***** Input

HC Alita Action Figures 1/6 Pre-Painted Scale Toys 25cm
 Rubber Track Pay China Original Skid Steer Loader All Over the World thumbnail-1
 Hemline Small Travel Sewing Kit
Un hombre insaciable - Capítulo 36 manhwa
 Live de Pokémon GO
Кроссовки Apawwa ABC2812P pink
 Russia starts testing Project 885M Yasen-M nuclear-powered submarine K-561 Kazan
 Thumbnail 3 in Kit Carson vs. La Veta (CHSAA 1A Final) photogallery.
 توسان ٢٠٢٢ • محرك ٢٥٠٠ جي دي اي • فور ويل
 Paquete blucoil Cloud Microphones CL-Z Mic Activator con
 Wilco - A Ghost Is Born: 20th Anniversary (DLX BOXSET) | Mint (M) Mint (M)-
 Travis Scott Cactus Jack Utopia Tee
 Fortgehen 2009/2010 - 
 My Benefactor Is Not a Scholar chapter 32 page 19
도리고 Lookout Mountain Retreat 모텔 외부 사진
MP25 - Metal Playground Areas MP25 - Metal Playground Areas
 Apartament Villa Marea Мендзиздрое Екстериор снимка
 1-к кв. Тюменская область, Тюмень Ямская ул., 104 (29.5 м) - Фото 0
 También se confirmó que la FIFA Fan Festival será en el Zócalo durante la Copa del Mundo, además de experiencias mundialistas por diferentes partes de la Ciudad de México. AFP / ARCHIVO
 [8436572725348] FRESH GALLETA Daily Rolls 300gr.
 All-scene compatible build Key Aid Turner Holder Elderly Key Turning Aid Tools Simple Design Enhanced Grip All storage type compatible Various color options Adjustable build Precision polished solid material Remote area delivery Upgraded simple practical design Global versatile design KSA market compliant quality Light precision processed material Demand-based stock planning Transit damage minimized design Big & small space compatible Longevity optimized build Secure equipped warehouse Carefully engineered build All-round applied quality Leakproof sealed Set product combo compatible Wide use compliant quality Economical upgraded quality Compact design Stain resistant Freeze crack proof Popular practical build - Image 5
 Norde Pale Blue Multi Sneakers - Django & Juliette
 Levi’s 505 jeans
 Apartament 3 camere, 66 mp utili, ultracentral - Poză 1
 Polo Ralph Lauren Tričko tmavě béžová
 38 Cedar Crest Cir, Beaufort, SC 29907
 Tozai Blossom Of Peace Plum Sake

**********

### Work to complete
The line containing "1-к кв. Тюменская" and all lines after it, through the end of the entries above, are to be returned exactly and alone.

### Exercise result
 1-к кв. Тюменская область, Тюмень Ямская ул., 104 (29.5 м) - Фото 0
 También se confirmó que la FIFA Fan Festival será en el Zócalo durante la Copa del Mundo, además de experiencias mundialistas por diferentes partes de la Ciudad de México. AFP / ARCHIVO
 [8436572725348] FRESH GALLETA Daily Rolls 300gr.
 All-scene compatible build Key Aid Turner Holder Elderly Key Turning Aid Tools Simple Design Enhanced Grip All storage type compatible Various color options Adjustable build Precision polished solid material Remote area delivery Upgraded simple practical design Global versatile design KSA market compliant quality Light precision processed material Demand-based stock planning Transit damage minimized design Big & small space compatible Longevity optimized build Secure equipped warehouse Carefully engineered build All-round applied quality Leakproof sealed Set product combo compatible Wide use compliant quality Economical upgraded quality Compact design Stain resistant Freeze crack proof Popular practical build - Image 5
 Norde Pale Blue Multi Sneakers - Django & Juliette
 Levi’s 505 jeans
 Apartament 3 camere, 66 mp utili, ultracentral - Poză 1
 Polo Ralph Lauren Tričko tmavě béžová
 38 Cedar Crest Cir, Beaufort, SC 29907
 Tozai Blossom Of Peace Plum Sake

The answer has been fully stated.